(Extracted records)

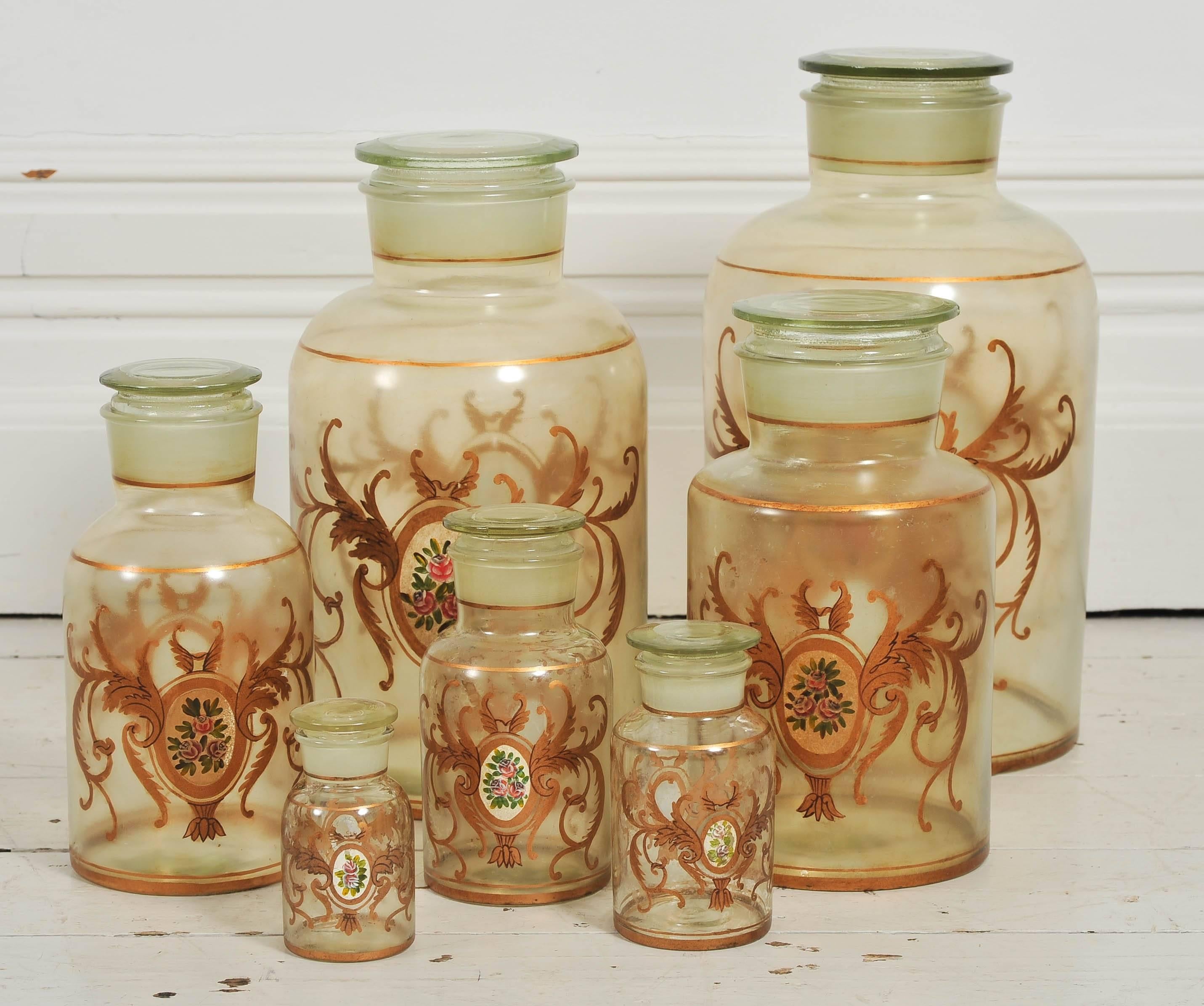 Here we have a set of seven antique apothecary jars hand decorated in gold and white. These would look wonderful in a bathroom or kitchen or on top of an armoire. 

Condition: Very good vintage condition. The small jar has a few small
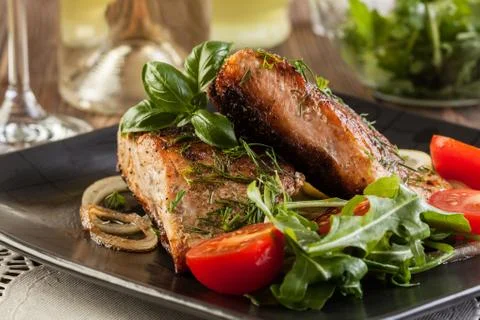 Fried salmon steak with vegetables and lemon Stock Photos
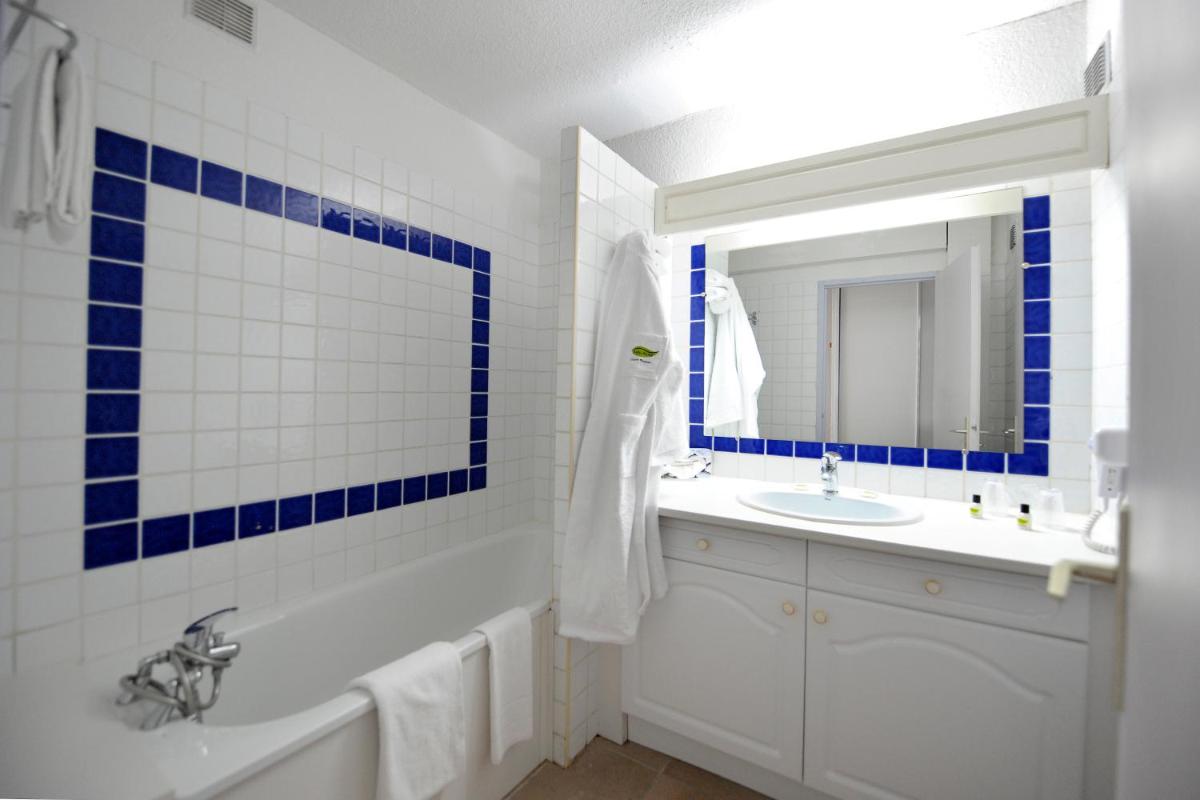 La salle de bains est pourvue de carrelage bleu et blanc, d'une baignoire et d'un lavabo. dans l'établissement Thalacap Camargue, à Saintes-Maries-de-la-Mer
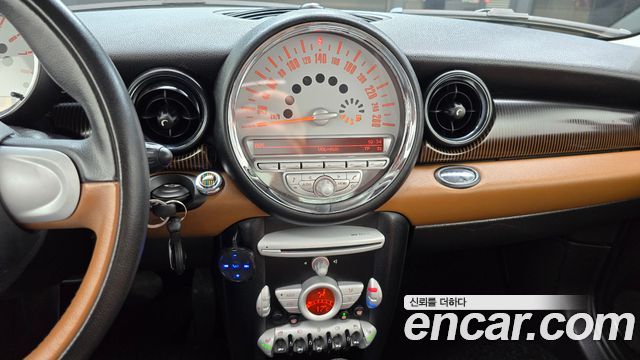 Mini Cooper 2010 — photo 13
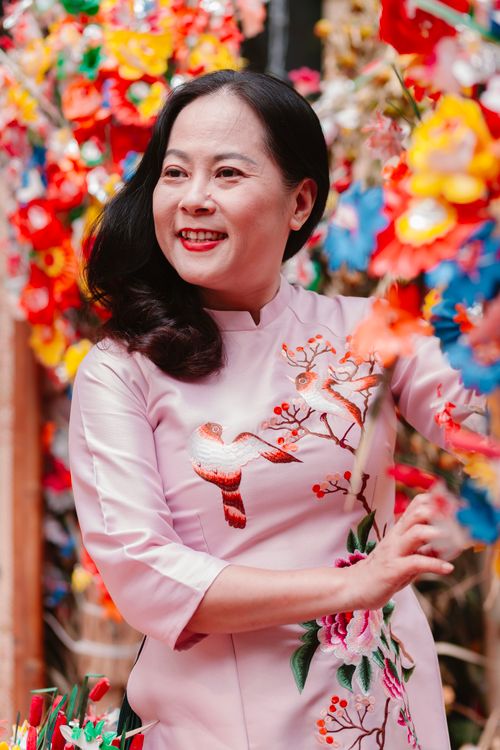 Woman in Traditional Dress Amidst Colorful Flowers · Free Stock Photo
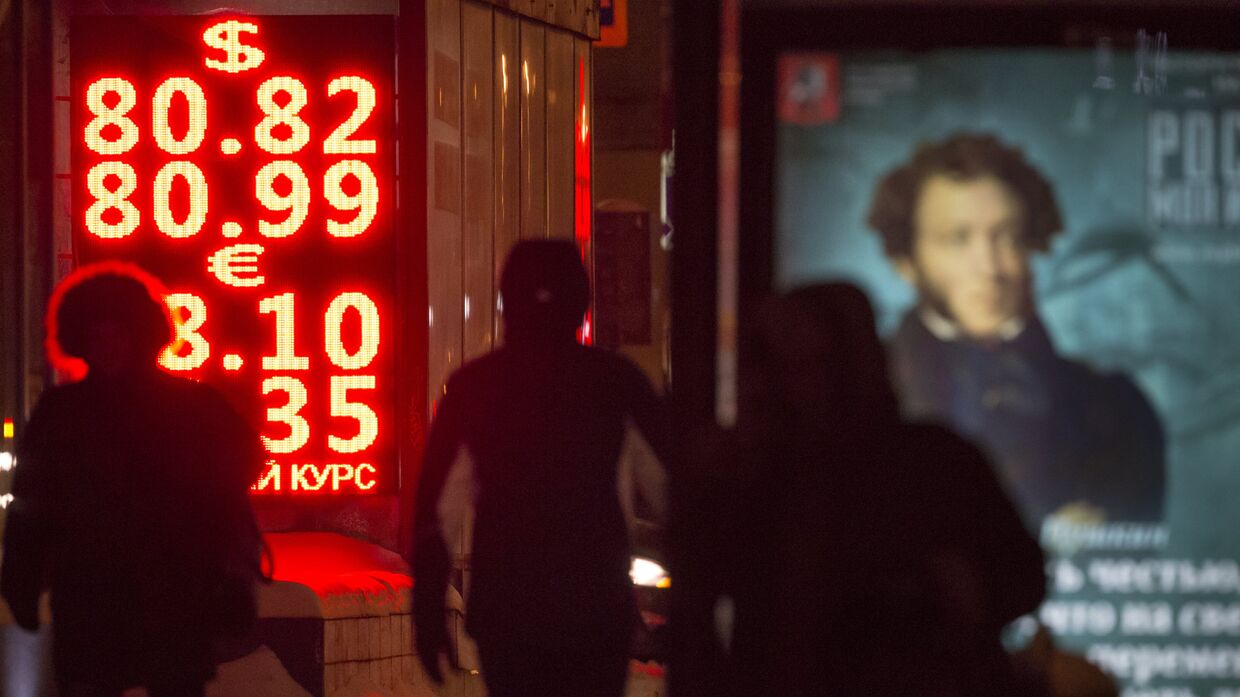 Прохожие идут мимо табло с информацией о курсах обмена валют в Москве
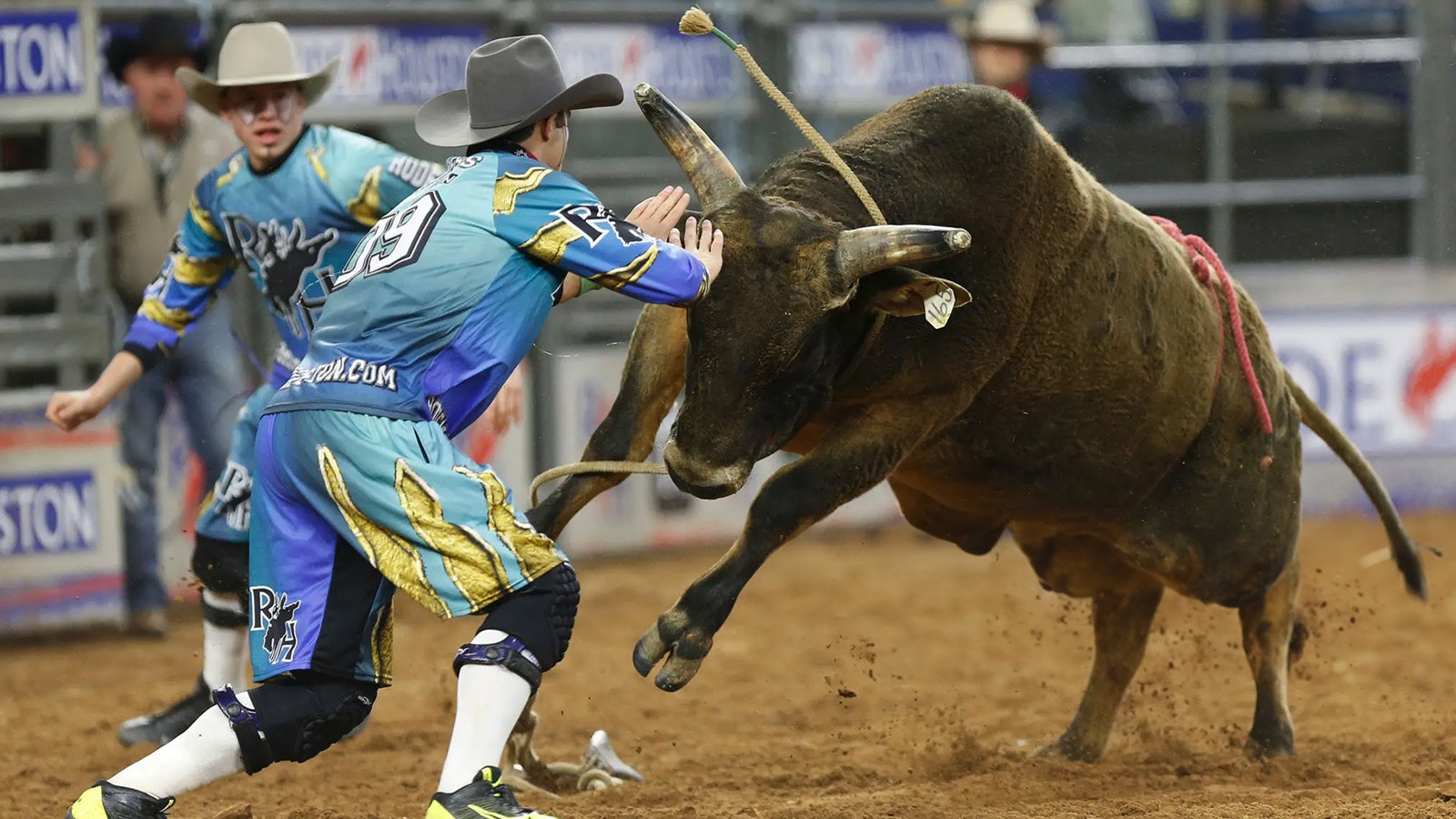 Bullfighter Dusty Tuckness tries to stop Hustle & Flow during the bull riding competition during the Houston Livestock Show and Rodeo at NRG Park on March 7, 2015, in Houston.
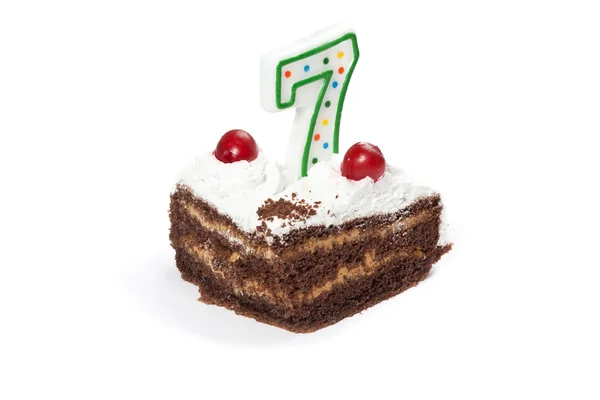 Torta di compleanno con candela numero sette — Foto Stock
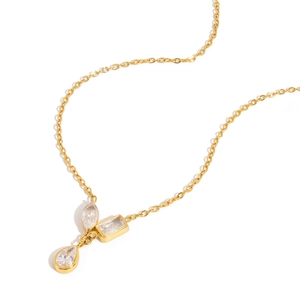 Macro detail of 18K gold necklace with teardrop, marquise and emerald cut zircon stones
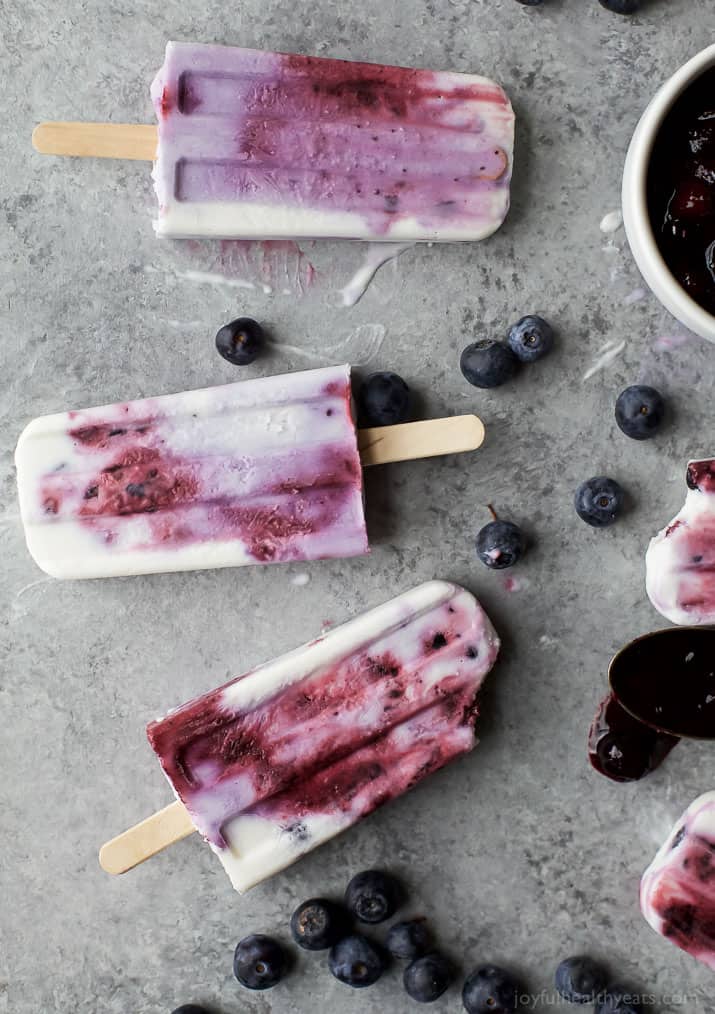 Your summer just got tastier with this creamy dreamy Paleo Blueberry Coconut Popsicles. Made from all fresh ingredients, no dairy, no refined sugar and 100% yum!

▶ **Work to complete**:
Pictures aside, print exactly the lines above starting with the one containing "Bullfighter Dusty Tuckness" and going on through the one containing "Macro detail of".

▶ **Result**:
 Bullfighter Dusty Tuckness tries to stop Hustle & Flow during the bull riding competition during the Houston Livestock Show and Rodeo at NRG Park on March 7, 2015, in Houston.
 Torta di compleanno con candela numero sette — Foto Stock
 Macro detail of 18K gold necklace with teardrop, marquise and emerald cut zircon stones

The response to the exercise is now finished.